That's pretty neat - you could have a bunch of VMs running different operating
systems and browsers, all running against a test web site. I tested it by
running a Python unit test from Linux that tested Internet Explorer in a
Windows 7 VM.
However, for the particular case I had in mind there are some problems. In
particular, it's not clear how to handle mixed namespaces (eg SVG is not in
the HTML namespace in the DOM) and, given how the system is implemented (as
Javascript accessing the DOM within the browser being tested) it will not work
with Adobe's SVG plugin on Windows.
Notes
-----
The "Selenium IDE" is a Firefox plugin that:
* Lets you define tests (and group them in suites)
* Lets you *run* tests (against Firefox)
* Lets you save test for future use, or to reun from other languages
So for simple, Firefox only tests, this is a very quick, simple solution. For
more complex testing it is also a good way of generating tests.
Tests can follow links and do things like verify text (when defining a test,
highlight the text, right click and select the correct option).

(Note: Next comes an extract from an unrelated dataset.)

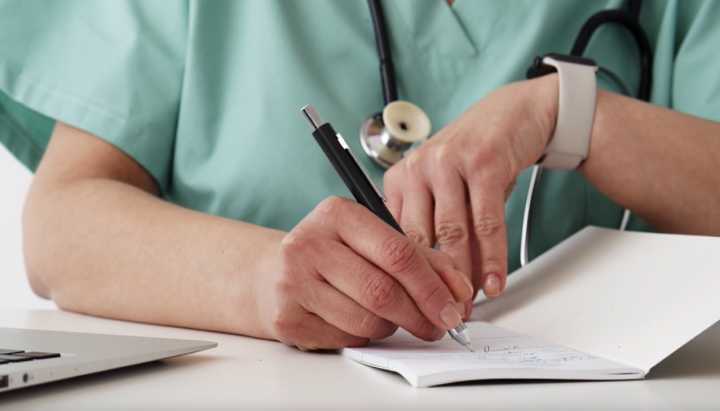 5 médicos extranjeros fueron formalizados por autoemitirse licencias médicas falsas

A test when saved in the "internal" format is a HTML table of commands. When
saved as Python file it looks like:
from selenium import selenium
import unittest, time, re
class test(unittest.TestCase):
def setUp(self):
self.verificationErrors = []
self.selenium = selenium("localhost", 4444, "*firefox",
"http://www.acooke.org")
self.selenium.start()
def test_selenium(self):
sel = self.selenium
sel.open("/")
sel.click("link=Lepl")
sel.wait_for_page_to_load("30000")
sel.click("link=Support")
sel.wait_for_page_to_load("30000")
sel.click("link=Show Source")
sel.wait_for_page_to_load("30000")
try: self.failUnless(sel.is_text_present("Google Code"))

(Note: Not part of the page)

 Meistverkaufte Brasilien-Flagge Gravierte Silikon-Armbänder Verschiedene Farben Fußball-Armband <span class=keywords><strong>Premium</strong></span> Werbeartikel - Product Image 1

except AssertionError, e: self.verificationErrors.append(str(e))
def tearDown(self):
self.selenium.stop()
self.assertEqual([], self.verificationErrors)

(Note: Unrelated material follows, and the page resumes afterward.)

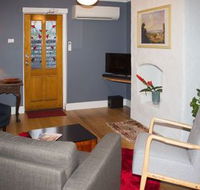 Heritage Listed Georgian Cottage - Renee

if __name__ == "__main__":
unittest.main()
To run that, however, and to test other browsers, you need to install "Selnium
RC". This is a bundle of packages that includes the server along with support
for various languages.
The server is a Java program that you run as:
java -jar selenium-server.jar
Then, when you run the Python test...
python test.py
..the server automatically opens firefox and runs the tests. It's just like
someone is using your machine!
The only extra detail needed in practice is that "firefox" must be the binary,
not the usual script at /usr/bin/firefox (on Linux). Otherwise you will see
the error
Caution: '/usr/bin/firefox': file is a script file, not a real
executable. The browser environment is no longer fully under RC control
Since selenium checks for "firefox-bin" before "firefox" the easiest solution
is to:
1 - link firefox-bin to firefox in /usr/lib64/firefox
2 - include /use/lib64/firefox on the path
Then run the server as:
PATH=$PATH:/usr/lib64/firefox java -jar selenium-server.jar
Note that you need firefox-bin to be in the same directory as firefox or you
will see the error:
Could not read application.ini
With that fix, the server starts and kils firefox, and tests run repeatedly
(without it, only the first test worked - rerunning it somehoe treated the
website as a binary file).
So, next question - can we do the same on Windows? I started a VB VM with
Windows 7, containing Java 6 and IE 8. Downloading Selenium RC (the server)
and starting it, then running the same test (on Linux) but changed to call the
windows server, I got the error:
Couldn't open app window; is the pop-up blocker enabled?"
Which is described at
http://stackoverflow.com/questions/1517623/internet-explorer-8-64bit-and-selenium-not-working
The simplest solution is to change the browser type to iexploreproxy. The
following code, run on Linux, invokes IE on Windows and gives a successful
test:
from selenium import selenium
import unittest, time, re
class test(unittest.TestCase):
def setUp(self):
self.verificationErrors = []
self.selenium = selenium("10.1.0.28", 4444, "*iexploreproxy",
"http://www.acooke.org")
self.selenium.start()
def test_selenium(self):
sel = self.selenium
.... as before
Where 10.1.0.28 is the VM address.
This can be automated further with Selnium Grid, which automatically runs
tests on different machines.
OK, so now to test a web page with SVG.
Hmmm. Suddenly (well, hours later....) this is not so great. First, the site
opens new windows on clicks. These have a "_blank" target. Selenium has a
command to identify windows by title, but it doesn't work in the IDE (the
Firefox plugin). After much frustration I found that it *does* work when used
via the server.
Also, because the link is loaded into a new window (ie not the one that
Selenium is watching) the test does not wait for completion. So a fixed
period wait (30s) needs to be added.
And when I click on a link in the SVG, the selenium IDE records nothing. I
can add this explicitly to a Python test, but I can't work out what to add.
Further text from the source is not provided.